Un buen día, sin previo aviso, le llevaron dos hombres a su casa. Era
agosto de 1981 y desde su detención clandestina el 18 de noviembre de
1977, Villani solo había podido hablar con su esposa en dos ocasiones.
Ella sabía que algo iba mal, porque él había desaparecido sin más un
día y un mes después Mario se había encargado de explicarle por teléfono
en una suerte de mensaje en clave que había decidido iniciar una nueva
vida en el interior del país para dedicarse a sí mismo. “Imagínate la
sorpresa y el susto que se pegó mi entonces esposa [cuando nos vio
aparecer aquel agosto]“, comenta.
“Nos sentamos a la mesa con los dos represores, mi esposa fue a
comprar una botella de cerveza y estuvimos tomando una cerveza en una
amable reunión social. Y le dijeron a ella que si me comportaba
adecuadamente, después de un tiempo me liberarían”. E igual que
llegaron, se volvieron a ir.
Tuvo algún encuentro más de este tipo con su familia, hasta que poco a
poco le fueron dejando más libertad de movimiento. La primera vez que
se pudo quedar a dormir en casa no le pusieron vigilancia. No la
necesitaban, pues la amenaza velada que formularon fue más elocuente que
cualquier coche aparcado a la puerta: “Te puedes escapar, pero
encárgate de llevarte a tu familia”.
Era 1981 y “con el tiempo quedé en libertad, entre comillas”. No se
sintió realmente libre hasta que pudo testificar contra sus torturadores
en 1984 ante los tribunales.
Entre los números 8151 y 8416 de la larga Avenida del Libertador en
el norte de Buenos Aires, la Escuela de Mecánica de la Armada funcionó
como un “Centro Clandestino de Detención, Tortura y Exterminio” en los
años 70 y hasta que en 1983 cayera la dictadura, según atestiguan hoy
las organizaciones de Derechos Humanos argentinas.

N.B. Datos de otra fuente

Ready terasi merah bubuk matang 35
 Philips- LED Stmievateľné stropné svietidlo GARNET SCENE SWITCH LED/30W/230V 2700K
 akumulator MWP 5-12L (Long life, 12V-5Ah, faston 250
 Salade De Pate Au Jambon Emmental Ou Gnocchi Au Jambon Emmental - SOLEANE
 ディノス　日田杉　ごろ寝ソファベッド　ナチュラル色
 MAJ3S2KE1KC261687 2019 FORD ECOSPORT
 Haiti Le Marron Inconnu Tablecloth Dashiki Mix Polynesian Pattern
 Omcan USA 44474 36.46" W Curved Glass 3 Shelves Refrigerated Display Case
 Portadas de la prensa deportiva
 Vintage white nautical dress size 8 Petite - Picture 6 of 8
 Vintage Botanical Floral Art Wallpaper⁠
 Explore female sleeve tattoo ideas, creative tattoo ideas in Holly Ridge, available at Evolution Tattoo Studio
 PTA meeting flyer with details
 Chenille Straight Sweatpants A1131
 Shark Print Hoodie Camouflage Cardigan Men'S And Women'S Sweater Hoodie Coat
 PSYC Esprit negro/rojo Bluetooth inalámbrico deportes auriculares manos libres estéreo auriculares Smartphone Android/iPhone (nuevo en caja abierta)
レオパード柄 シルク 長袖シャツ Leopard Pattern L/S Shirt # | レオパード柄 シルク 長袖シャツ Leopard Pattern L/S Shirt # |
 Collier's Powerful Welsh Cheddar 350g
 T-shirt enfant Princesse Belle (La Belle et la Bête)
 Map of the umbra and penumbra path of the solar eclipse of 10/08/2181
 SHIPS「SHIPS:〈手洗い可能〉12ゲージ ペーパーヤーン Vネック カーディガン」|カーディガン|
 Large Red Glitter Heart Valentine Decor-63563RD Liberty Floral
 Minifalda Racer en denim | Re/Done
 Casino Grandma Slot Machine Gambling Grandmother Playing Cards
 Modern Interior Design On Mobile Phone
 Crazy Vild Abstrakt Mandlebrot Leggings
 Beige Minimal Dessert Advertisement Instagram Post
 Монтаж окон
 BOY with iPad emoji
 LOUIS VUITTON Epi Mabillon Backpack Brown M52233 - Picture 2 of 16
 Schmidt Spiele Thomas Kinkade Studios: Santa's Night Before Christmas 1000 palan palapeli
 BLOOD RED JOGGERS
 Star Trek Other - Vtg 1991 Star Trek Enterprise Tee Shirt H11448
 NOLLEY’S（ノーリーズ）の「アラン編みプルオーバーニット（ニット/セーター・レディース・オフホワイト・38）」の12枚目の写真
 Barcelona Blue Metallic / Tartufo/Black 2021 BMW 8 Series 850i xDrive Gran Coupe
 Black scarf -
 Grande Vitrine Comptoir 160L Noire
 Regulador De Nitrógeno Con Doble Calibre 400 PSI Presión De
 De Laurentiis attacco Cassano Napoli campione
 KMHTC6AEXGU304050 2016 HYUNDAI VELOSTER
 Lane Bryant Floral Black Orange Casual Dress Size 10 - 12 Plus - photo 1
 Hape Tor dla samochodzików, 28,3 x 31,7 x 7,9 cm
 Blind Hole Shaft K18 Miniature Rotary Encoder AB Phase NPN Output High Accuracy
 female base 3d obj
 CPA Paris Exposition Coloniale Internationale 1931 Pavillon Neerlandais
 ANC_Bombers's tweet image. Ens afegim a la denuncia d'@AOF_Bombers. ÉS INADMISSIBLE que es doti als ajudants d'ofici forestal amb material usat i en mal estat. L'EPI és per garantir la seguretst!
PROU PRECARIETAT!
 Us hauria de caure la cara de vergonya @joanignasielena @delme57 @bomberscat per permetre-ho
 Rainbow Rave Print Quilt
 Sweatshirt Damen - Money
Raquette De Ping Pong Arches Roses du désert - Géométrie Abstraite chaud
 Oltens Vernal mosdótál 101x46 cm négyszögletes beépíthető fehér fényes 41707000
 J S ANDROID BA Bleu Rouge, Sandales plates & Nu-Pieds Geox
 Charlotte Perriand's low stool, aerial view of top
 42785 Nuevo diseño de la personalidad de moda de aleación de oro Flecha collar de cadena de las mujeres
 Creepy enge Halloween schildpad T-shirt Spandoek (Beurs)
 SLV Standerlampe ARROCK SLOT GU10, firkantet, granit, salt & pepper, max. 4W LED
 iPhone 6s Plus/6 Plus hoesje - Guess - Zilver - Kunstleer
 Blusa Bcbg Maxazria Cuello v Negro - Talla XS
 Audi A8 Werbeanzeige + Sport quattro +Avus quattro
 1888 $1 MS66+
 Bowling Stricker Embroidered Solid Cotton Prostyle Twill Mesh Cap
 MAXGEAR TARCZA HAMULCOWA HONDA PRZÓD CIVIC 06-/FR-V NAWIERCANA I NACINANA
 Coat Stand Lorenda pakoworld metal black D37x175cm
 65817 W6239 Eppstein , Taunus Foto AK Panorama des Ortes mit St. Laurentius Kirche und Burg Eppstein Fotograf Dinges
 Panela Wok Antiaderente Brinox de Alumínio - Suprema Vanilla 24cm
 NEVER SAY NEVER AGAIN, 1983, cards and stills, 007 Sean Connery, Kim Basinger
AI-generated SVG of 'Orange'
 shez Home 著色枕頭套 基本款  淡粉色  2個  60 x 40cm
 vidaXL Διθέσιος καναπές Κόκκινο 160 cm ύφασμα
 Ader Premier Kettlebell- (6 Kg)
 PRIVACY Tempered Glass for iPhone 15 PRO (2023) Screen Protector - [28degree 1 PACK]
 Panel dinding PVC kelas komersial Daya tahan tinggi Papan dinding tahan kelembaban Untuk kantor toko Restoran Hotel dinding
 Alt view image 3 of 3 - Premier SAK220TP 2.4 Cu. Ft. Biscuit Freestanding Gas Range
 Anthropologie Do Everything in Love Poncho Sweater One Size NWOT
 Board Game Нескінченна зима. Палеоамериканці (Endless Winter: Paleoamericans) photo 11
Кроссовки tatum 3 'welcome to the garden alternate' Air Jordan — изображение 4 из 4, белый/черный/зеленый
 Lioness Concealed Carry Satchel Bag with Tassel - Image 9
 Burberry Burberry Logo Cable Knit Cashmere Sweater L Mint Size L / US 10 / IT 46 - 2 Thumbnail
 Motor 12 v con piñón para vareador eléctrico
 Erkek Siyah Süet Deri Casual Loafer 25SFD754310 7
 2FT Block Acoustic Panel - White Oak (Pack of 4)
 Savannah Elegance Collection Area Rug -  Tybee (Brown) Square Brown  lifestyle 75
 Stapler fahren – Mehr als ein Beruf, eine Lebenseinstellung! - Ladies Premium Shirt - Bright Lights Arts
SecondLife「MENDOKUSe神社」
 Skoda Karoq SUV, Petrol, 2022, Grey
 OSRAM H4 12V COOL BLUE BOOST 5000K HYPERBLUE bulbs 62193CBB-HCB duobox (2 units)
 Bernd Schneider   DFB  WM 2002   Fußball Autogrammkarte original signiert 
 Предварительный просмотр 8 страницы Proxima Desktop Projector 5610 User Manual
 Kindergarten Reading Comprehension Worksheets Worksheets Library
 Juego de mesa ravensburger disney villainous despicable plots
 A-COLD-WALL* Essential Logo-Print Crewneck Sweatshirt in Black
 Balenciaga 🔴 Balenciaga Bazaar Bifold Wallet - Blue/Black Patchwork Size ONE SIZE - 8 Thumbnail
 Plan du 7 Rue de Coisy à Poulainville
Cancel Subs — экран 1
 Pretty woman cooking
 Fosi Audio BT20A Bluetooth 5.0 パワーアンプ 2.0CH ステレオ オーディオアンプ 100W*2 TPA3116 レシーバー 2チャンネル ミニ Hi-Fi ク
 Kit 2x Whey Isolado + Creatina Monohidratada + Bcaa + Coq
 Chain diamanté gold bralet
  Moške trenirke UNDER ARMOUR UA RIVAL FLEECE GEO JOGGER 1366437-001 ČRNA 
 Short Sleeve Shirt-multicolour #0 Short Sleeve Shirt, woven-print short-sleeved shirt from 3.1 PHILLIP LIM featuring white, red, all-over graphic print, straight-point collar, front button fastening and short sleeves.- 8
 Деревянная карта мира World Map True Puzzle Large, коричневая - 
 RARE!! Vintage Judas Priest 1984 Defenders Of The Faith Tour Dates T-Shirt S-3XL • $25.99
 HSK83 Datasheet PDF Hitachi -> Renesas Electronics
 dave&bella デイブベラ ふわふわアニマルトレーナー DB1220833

Villani cree que el juicio que hoy se inicia contra unas decenas de
participantes en la dura represión de la ESMA “es un camino en la
dirección de la justicia”. Los hechos, las torturas y abusos están
reconocidos incluso por la ley argentina, que ha decidido destinar las
instalaciones de aquel lugar a un museo para la memoria. Lo que falta es
definir a todos los responsables.
“No es algo que lo decimos unos cuantos loquitos, para desacreditar
el sistema. Es el sistema el que lo está reconociendo. Es la importancia
fundamental de estos juicios, existió un proceso punible”, opina este
hombre cuyas arrugas en el rostro no son fieles a su vitalidad.
A sus 72 años, Mario Villani es un abuelo tuitero y feliz en Miami
Beach (Florida), adonde se trasladó hace ya casi una década tras su hija
y su yerno. Ni él ni Rosa Mari, su actual mujer, querían perderse la
infancia de sus tres nietos.
La rabia y el rencor quedaron atrás hace tiempo. “Estoy viviendo y
disfrutando algo que suponía que la acción de la dictadura iba evitar.
No lo lograron ni conmigo ni con tantos otros”.